Saturday, October 06, 2007

GM: Market Share Falling, But "Job Share" Rising?

The chart above is from the Level Field Institute's 2007 report, in which it says:

"Our car-by-car analysis also accounts for differences in market share. In other words, an automaker with 15% market share that employs 20% of U.S. autoworkers is overperforming on jobs, while an automaker with 15% market share that employs just 10% of autoworkers is underperforming."

That's a very interesting definition of "overperforming and underperforming on jobs," isn't it?

GM has a 23% market share and 29% of the autoworkers and is "overperforming on jobs?" That sounds a lot more like "ineffiency" to me. And Toyota has a 17% market share and 9% job share and is "underperforming on jobs?" That seems more like "efficiency" to me.

After all, corporations don't exist to create the maximum number of jobs, they exist to serve consumers and shareholders by producing output with the least number of employees.

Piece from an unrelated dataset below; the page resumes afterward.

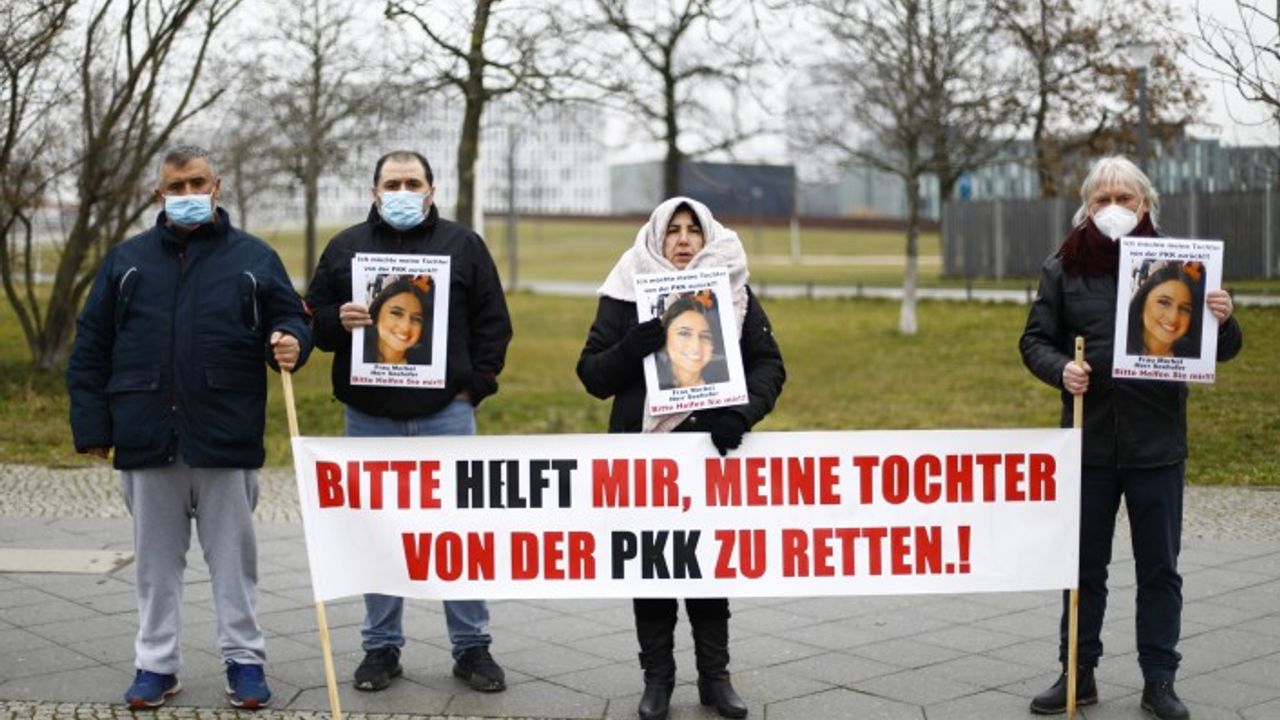 Almanya'da PKK tarafından kızı kaçırılan anneye “Cesur Kadın” ödülü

At 10/07/2007 1:15 AM, Anonymous Anonymous said...

Where's Walt? He'll clarify this union-induced market disequilibrium for us.


At 10/07/2007 10:24 AM, Anonymous Anonymous said...

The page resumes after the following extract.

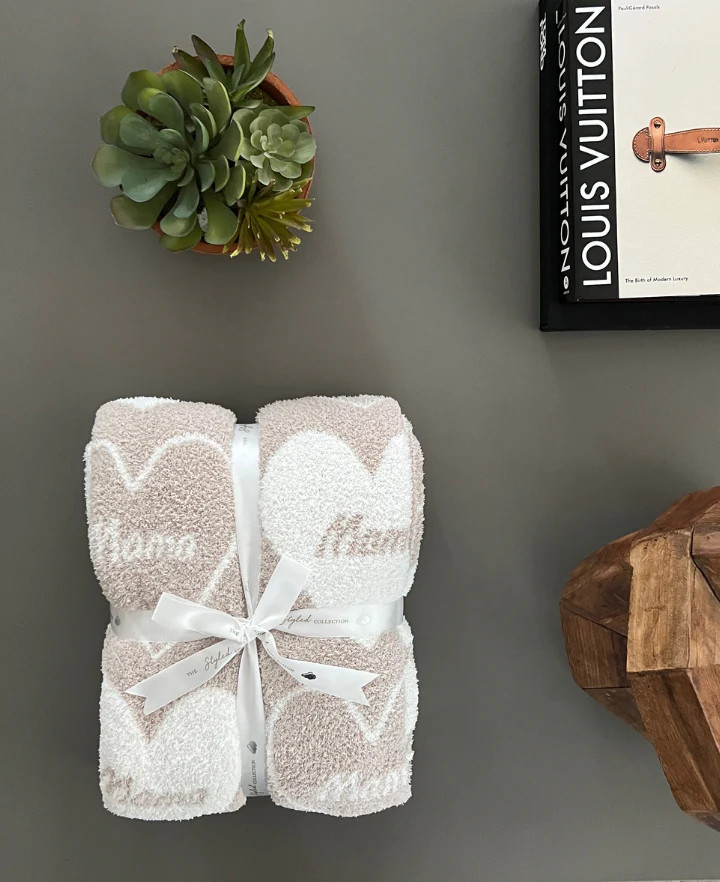 Mama Heart Two-Tone Buttery Blanket | The Styled Collection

You have to consider the source and purpose of the article before you make a conclusion such as Professor Perry made. The perspective was spelled out clearly in the article, that is, for those who took time to read the article: “Level Field believes the most accurate way to test an automaker’s contribution to the U.S. economy is to examine the number of jobs that a company supports on a car-by-car basis.”

Although I am sure that taking a stockholder’s or an MBA’s approach would yield completely different results, I consider the article’s conclusion valid because it measured what it sought to measure.

As a GM stockholder I am not sure that I want to see more employees than necessary to do the job efficiently; however, GM employees have the means to purchase a GM product. Anyone familiar with Henry Ford knows that he created the $5-per-day wage to sell cars and not to benefit his employees. Is that really such a strange concept to “grow your own market”?

At 10/07/2007 9:33 PM, Anonymous Anonymous said...

This, perhaps, speaks more to the degree of automation than it does efficiency of employees.

At 10/08/2007 6:52 AM, Blogger holeydonut said...

I agree that the damn lies of statistics usually lends itself to abuse. I don't really know what Level Field is attempting to prove here; other than repeating the same tired appeal to the public that American jobs are lost when those crazy foreigners make inroads into the American Market.

Do everything you can to buy something you value less today so you can save some American Jobs in the future. So rather than identify a rational way to keep those jobs around, they simply want buyers to behave irrationally to support the USA.

We aren't living in the early 1900s where sweatshops persisted and American Workers were getting beat upside the head. I can imagine there is a genuine fear that that America will suffer a fallback to those evil times; except while so many Americans look backwards everyone else in the world evolves without looking back. $5 a day proved to be too little and the labor force fought to fix that. about $75 a hour for labor at Detroit Auto is at the other end of the spectrum and the free market is going to fix this situation as well.

There is an interesting example of a Rust-Belt company that staved of extinction and still competes with those crazy foreigners. Lincoln Electric operates with no Labor Union and does a piecework pay system. The group of talented and motivated workers that does their job efficiently gets the most money. But I'm guessing this type of job and working environment is bad for Americans as well.